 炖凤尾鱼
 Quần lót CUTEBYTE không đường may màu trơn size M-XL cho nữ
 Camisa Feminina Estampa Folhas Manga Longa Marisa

--

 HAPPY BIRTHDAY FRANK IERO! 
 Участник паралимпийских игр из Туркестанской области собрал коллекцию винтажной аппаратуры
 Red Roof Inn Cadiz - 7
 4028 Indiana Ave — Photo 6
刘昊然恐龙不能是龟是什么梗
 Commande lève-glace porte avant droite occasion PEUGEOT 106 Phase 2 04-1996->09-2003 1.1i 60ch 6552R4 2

* * *

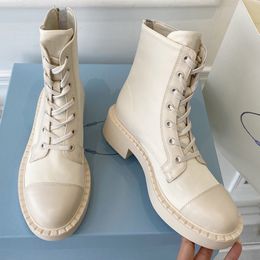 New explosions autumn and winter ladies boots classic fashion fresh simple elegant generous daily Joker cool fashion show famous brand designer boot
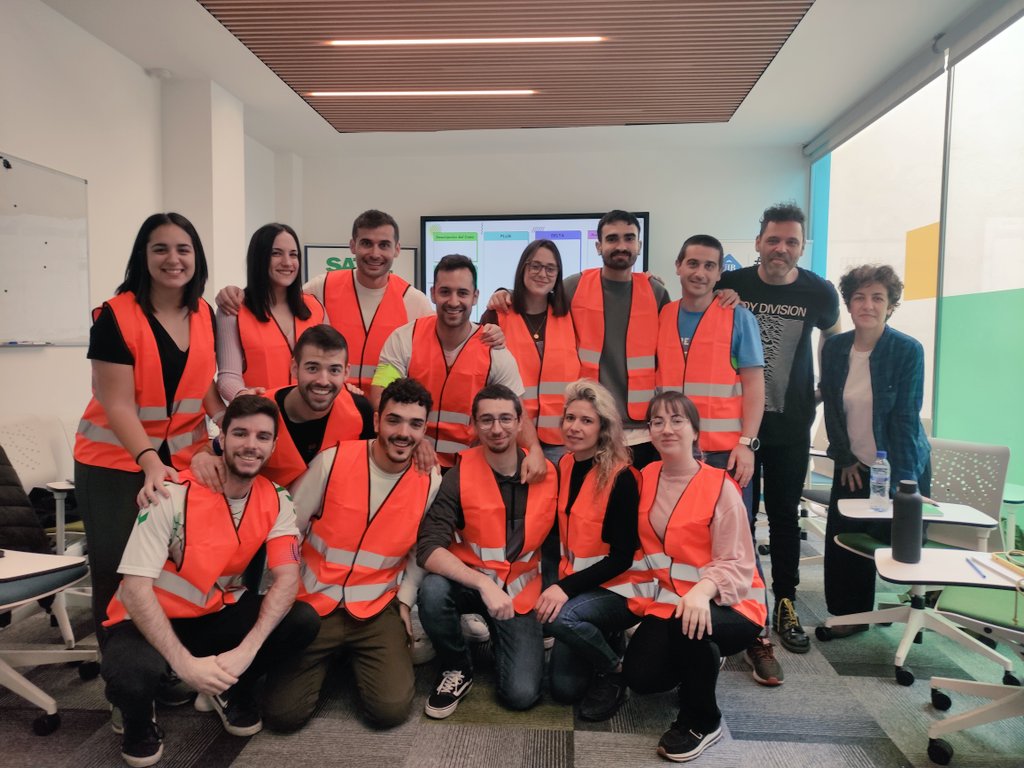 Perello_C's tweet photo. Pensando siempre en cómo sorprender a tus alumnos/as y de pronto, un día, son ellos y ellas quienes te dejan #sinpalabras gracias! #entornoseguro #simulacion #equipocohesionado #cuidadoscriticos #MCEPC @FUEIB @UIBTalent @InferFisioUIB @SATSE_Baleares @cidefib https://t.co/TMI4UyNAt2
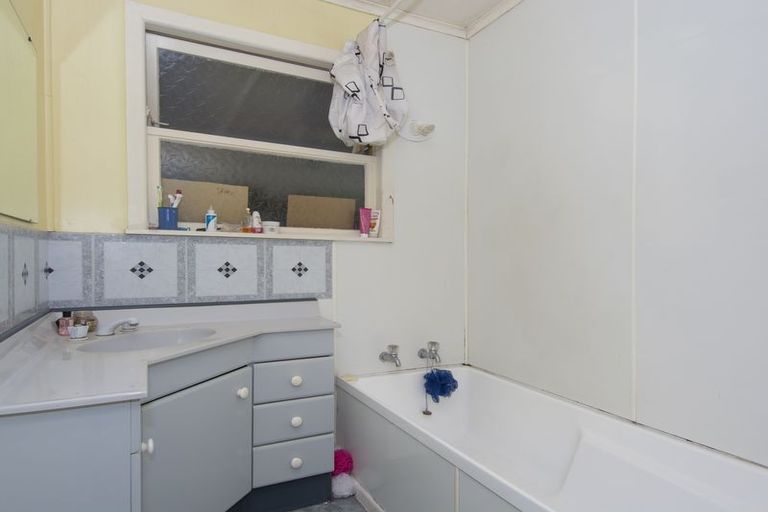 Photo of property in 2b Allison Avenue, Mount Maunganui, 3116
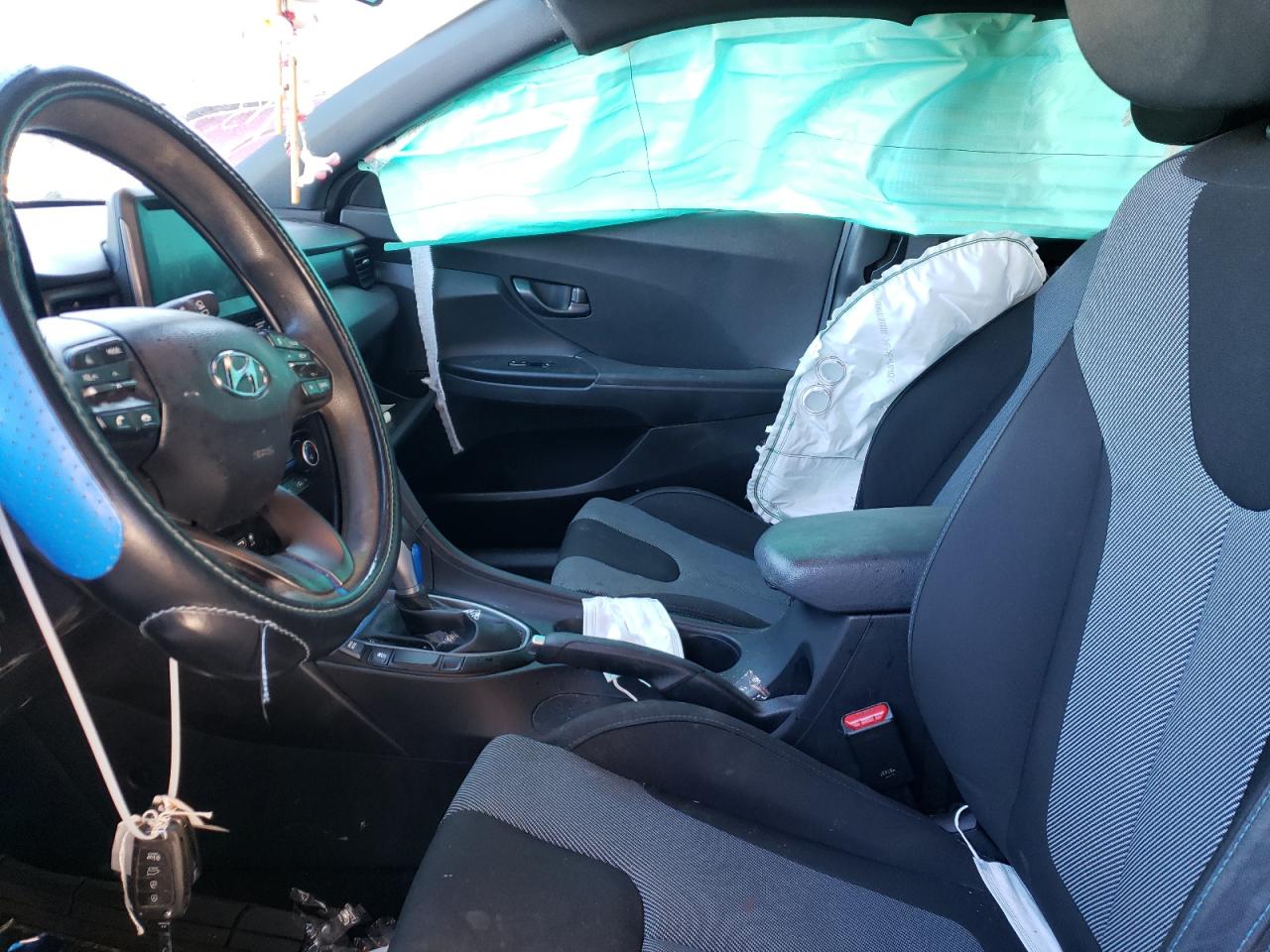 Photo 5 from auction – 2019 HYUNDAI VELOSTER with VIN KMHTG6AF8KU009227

Task goal - Send back an exact copy of only the lines from the line with "4028 Indiana Ave — Photo 6" up to and including the line with "Commande lève-glace porte" in the data above.

Written solution -
 4028 Indiana Ave — Photo 6
刘昊然恐龙不能是龟是什么梗
 Commande lève-glace porte avant droite occasion PEUGEOT 106 Phase 2 04-1996->09-2003 1.1i 60ch 6552R4 2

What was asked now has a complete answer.